* _Work item_:
From the top of the records below, return each line exactly, ending with the line that contains "Used 2023 Toyota".

****************************************

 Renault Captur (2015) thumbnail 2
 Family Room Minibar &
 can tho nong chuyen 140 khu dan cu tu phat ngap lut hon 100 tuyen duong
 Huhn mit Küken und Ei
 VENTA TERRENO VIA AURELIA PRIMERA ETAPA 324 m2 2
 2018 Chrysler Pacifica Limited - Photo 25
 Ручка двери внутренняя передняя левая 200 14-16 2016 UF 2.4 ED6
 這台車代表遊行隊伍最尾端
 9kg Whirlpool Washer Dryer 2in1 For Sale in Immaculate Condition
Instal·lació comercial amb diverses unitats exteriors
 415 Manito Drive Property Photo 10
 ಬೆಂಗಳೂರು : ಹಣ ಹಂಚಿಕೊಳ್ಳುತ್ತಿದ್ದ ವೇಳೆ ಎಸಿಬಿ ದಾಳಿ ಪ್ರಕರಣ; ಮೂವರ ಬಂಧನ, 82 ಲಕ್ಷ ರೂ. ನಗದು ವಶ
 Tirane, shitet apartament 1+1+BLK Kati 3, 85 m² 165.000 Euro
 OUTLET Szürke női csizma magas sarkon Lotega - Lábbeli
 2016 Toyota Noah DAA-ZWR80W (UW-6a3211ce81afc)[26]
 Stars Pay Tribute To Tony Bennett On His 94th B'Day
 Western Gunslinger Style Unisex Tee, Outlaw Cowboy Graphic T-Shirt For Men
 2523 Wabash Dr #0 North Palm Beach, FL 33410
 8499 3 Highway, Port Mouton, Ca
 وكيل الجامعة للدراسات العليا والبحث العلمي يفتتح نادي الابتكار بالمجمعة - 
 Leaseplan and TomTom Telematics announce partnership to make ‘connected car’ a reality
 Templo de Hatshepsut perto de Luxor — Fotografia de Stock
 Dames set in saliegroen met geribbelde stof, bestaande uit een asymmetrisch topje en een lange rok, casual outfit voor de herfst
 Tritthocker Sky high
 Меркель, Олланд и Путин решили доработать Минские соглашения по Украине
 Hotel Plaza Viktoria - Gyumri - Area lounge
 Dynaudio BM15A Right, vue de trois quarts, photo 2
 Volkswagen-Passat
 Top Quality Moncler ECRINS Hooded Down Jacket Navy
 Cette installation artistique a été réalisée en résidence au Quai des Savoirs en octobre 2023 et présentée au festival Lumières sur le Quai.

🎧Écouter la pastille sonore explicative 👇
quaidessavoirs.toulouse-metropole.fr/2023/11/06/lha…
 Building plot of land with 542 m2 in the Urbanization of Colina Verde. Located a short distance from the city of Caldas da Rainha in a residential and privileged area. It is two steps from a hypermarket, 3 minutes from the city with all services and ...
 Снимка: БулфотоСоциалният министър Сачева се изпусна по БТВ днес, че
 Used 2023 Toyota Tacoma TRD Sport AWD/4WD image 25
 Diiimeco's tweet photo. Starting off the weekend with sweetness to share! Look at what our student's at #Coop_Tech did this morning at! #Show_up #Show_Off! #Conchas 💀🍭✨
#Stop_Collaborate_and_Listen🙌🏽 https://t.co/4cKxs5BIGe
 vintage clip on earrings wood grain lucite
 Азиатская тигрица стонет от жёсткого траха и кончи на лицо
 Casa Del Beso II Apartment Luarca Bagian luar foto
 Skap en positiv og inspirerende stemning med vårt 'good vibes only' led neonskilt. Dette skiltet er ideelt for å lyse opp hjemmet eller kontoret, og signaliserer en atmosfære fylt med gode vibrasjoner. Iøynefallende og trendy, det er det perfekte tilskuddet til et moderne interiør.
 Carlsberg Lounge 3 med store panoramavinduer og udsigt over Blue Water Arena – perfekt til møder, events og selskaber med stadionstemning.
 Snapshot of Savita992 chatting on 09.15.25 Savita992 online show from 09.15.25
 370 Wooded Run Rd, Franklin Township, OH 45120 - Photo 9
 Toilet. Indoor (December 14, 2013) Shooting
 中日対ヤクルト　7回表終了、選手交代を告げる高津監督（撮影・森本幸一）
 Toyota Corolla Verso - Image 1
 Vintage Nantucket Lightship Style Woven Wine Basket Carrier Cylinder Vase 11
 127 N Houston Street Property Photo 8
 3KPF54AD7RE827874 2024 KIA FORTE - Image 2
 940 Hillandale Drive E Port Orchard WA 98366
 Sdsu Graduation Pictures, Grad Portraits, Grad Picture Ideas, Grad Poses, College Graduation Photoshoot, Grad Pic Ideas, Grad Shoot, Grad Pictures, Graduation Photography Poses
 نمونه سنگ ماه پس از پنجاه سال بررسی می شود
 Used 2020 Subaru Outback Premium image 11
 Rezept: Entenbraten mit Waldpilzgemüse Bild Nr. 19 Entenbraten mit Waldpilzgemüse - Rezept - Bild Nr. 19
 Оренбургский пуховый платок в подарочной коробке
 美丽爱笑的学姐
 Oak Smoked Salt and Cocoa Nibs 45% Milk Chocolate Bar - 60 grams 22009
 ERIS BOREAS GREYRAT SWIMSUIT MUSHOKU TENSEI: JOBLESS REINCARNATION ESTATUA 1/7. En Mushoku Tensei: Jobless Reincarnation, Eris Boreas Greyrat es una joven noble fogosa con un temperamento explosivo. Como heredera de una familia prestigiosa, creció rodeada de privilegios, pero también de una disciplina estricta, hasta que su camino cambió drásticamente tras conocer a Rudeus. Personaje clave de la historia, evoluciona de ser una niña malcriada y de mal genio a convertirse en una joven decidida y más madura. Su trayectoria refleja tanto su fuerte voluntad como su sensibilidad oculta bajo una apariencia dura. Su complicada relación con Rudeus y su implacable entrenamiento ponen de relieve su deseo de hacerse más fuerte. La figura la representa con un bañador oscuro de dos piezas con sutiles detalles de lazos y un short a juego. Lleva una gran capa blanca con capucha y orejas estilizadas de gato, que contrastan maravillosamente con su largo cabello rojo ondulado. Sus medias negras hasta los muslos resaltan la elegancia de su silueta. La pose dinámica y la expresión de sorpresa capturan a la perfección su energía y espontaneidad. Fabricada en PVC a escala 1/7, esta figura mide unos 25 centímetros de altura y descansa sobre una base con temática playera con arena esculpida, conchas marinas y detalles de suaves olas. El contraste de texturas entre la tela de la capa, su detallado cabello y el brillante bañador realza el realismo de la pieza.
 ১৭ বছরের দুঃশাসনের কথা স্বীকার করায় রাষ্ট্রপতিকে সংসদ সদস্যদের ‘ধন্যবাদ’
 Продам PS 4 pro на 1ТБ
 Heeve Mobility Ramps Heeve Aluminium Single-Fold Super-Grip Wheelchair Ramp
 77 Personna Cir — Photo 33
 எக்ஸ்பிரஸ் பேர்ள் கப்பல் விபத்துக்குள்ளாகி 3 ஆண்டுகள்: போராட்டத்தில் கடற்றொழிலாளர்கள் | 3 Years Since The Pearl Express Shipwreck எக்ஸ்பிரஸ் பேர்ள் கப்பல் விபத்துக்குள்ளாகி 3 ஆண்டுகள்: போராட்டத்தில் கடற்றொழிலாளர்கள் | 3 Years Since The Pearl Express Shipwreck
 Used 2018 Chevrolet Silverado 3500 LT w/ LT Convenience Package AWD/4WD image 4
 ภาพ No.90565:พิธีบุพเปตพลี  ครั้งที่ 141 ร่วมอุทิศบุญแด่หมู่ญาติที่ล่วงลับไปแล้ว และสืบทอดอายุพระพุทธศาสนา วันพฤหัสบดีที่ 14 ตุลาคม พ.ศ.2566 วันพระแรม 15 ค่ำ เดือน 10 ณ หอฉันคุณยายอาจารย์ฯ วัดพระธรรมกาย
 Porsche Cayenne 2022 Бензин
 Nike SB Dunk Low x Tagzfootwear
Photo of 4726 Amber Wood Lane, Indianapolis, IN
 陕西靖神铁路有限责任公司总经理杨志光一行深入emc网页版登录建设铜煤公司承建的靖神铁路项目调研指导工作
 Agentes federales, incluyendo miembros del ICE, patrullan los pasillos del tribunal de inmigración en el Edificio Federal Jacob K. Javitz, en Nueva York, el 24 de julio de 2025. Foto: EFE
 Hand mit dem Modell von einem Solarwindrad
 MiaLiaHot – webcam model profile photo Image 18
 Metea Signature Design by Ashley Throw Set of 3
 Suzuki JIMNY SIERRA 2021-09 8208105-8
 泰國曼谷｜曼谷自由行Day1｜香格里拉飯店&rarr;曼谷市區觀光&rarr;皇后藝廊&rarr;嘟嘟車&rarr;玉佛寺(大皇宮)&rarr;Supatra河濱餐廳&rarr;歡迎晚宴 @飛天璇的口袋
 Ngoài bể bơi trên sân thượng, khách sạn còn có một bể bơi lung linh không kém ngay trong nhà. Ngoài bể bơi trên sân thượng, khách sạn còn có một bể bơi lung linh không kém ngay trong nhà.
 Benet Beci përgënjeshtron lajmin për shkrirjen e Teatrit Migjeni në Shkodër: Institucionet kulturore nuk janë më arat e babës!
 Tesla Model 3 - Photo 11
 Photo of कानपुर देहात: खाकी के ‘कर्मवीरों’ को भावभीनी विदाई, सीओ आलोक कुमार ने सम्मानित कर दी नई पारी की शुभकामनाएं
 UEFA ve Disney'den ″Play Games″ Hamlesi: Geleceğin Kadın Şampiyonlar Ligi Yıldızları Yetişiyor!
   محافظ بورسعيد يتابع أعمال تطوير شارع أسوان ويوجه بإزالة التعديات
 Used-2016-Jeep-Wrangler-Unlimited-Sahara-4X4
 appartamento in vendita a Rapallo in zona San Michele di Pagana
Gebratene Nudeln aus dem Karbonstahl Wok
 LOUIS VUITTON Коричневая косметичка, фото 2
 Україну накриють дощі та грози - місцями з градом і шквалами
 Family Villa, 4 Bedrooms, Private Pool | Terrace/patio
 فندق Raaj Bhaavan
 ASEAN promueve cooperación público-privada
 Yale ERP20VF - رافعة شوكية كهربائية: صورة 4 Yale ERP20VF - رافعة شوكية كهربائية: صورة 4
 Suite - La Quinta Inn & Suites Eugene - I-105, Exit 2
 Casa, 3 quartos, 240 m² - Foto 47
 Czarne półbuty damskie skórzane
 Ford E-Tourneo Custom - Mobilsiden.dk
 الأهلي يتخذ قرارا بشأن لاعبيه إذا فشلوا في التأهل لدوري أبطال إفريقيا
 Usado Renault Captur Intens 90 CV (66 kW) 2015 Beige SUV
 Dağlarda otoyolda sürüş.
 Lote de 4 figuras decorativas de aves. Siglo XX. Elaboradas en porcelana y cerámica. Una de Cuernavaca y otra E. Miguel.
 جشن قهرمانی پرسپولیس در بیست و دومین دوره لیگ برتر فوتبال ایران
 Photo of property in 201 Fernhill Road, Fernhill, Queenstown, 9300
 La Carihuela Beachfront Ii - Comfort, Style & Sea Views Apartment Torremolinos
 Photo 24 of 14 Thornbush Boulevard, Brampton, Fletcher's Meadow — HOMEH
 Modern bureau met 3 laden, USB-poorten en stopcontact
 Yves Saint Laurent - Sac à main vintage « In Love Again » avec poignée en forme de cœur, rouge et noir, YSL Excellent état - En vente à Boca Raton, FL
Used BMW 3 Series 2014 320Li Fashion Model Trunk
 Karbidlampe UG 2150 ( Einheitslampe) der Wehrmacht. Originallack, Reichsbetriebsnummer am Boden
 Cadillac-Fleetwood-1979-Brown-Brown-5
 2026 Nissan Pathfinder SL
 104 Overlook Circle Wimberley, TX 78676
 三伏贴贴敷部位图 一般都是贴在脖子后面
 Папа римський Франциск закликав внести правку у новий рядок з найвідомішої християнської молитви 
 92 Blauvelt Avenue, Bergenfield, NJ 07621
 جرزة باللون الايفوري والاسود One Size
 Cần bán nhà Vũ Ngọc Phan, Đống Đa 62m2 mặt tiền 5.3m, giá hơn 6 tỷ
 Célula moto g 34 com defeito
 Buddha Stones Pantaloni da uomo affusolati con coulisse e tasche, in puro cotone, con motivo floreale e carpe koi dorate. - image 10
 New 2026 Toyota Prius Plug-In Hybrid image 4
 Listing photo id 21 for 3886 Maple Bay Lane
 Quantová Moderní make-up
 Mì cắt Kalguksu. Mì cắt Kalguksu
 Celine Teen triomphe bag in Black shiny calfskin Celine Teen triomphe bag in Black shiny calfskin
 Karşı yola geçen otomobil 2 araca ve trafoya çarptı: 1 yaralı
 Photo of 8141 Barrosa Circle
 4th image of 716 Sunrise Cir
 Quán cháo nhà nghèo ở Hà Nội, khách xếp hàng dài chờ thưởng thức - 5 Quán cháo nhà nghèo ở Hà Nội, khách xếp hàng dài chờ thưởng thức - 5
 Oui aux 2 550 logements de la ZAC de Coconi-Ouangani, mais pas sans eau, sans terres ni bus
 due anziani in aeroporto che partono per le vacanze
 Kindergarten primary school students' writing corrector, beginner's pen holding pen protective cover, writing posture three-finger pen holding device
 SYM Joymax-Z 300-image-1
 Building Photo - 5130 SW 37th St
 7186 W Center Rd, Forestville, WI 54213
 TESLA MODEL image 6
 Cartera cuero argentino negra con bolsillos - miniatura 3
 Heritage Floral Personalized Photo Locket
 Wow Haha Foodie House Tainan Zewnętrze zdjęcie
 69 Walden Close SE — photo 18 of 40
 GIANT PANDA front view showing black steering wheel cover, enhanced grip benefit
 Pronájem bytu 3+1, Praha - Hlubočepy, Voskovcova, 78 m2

****************************************

* _Response to the task_:
 Renault Captur (2015) thumbnail 2
 Family Room Minibar &
 can tho nong chuyen 140 khu dan cu tu phat ngap lut hon 100 tuyen duong
 Huhn mit Küken und Ei
 VENTA TERRENO VIA AURELIA PRIMERA ETAPA 324 m2 2
 2018 Chrysler Pacifica Limited - Photo 25
 Ручка двери внутренняя передняя левая 200 14-16 2016 UF 2.4 ED6
 這台車代表遊行隊伍最尾端
 9kg Whirlpool Washer Dryer 2in1 For Sale in Immaculate Condition
Instal·lació comercial amb diverses unitats exteriors
 415 Manito Drive Property Photo 10
 ಬೆಂಗಳೂರು : ಹಣ ಹಂಚಿಕೊಳ್ಳುತ್ತಿದ್ದ ವೇಳೆ ಎಸಿಬಿ ದಾಳಿ ಪ್ರಕರಣ; ಮೂವರ ಬಂಧನ, 82 ಲಕ್ಷ ರೂ. ನಗದು ವಶ
 Tirane, shitet apartament 1+1+BLK Kati 3, 85 m² 165.000 Euro
 OUTLET Szürke női csizma magas sarkon Lotega - Lábbeli
 2016 Toyota Noah DAA-ZWR80W (UW-6a3211ce81afc)[26]
 Stars Pay Tribute To Tony Bennett On His 94th B'Day
 Western Gunslinger Style Unisex Tee, Outlaw Cowboy Graphic T-Shirt For Men
 2523 Wabash Dr #0 North Palm Beach, FL 33410
 8499 3 Highway, Port Mouton, Ca
 وكيل الجامعة للدراسات العليا والبحث العلمي يفتتح نادي الابتكار بالمجمعة - 
 Leaseplan and TomTom Telematics announce partnership to make ‘connected car’ a reality
 Templo de Hatshepsut perto de Luxor — Fotografia de Stock
 Dames set in saliegroen met geribbelde stof, bestaande uit een asymmetrisch topje en een lange rok, casual outfit voor de herfst
 Tritthocker Sky high
 Меркель, Олланд и Путин решили доработать Минские соглашения по Украине
 Hotel Plaza Viktoria - Gyumri - Area lounge
 Dynaudio BM15A Right, vue de trois quarts, photo 2
 Volkswagen-Passat
 Top Quality Moncler ECRINS Hooded Down Jacket Navy
 Cette installation artistique a été réalisée en résidence au Quai des Savoirs en octobre 2023 et présentée au festival Lumières sur le Quai.

🎧Écouter la pastille sonore explicative 👇
quaidessavoirs.toulouse-metropole.fr/2023/11/06/lha…
 Building plot of land with 542 m2 in the Urbanization of Colina Verde. Located a short distance from the city of Caldas da Rainha in a residential and privileged area. It is two steps from a hypermarket, 3 minutes from the city with all services and ...
 Снимка: БулфотоСоциалният министър Сачева се изпусна по БТВ днес, че
 Used 2023 Toyota Tacoma TRD Sport AWD/4WD image 25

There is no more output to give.